# Data shown
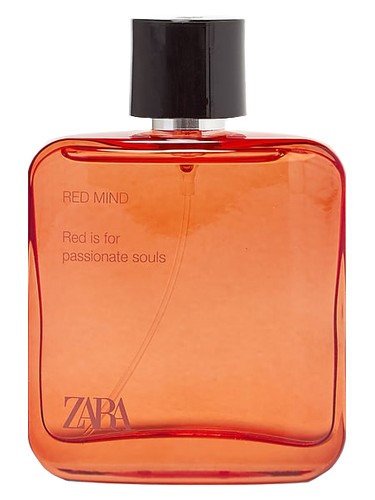Zara Red Mind fragrance bottle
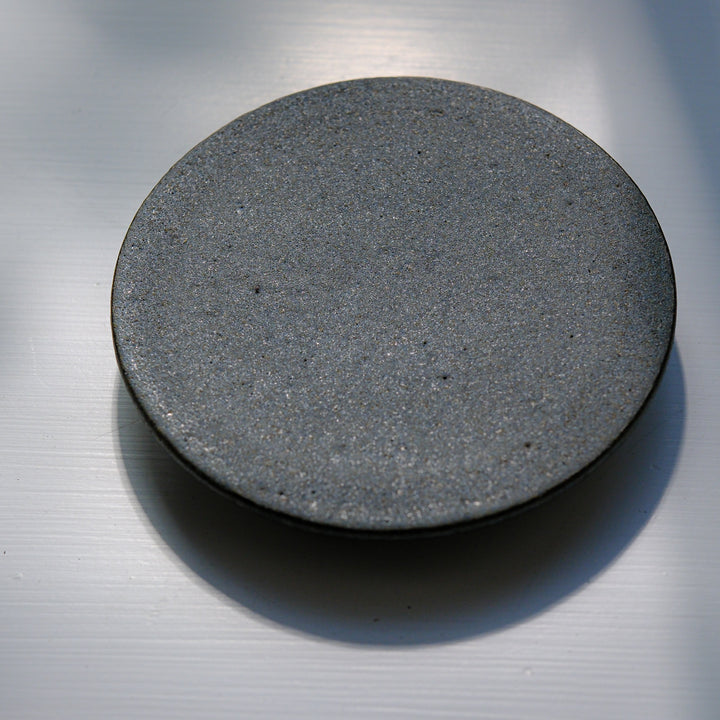 Saeam Kwon, ceramic, dessert plate Ø 12.5 cm | gray petrol (SK05)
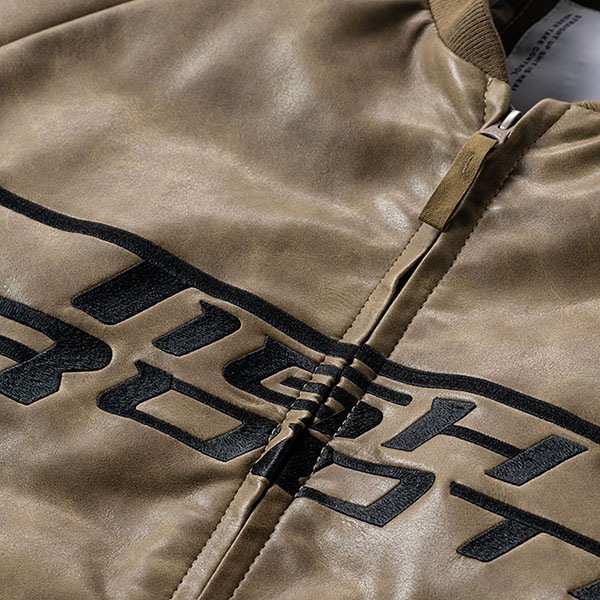 TIGHTBOOTH x SEEDA】ADRENALINE LEATHER DOWN JKT タイトブース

# Exercise aim
Exact copy, no images: rewrite the entire listing above.

# Written solution
Zara Red Mind fragrance bottle
 Saeam Kwon, ceramic, dessert plate Ø 12.5 cm | gray petrol (SK05)
 TIGHTBOOTH x SEEDA】ADRENALINE LEATHER DOWN JKT タイトブース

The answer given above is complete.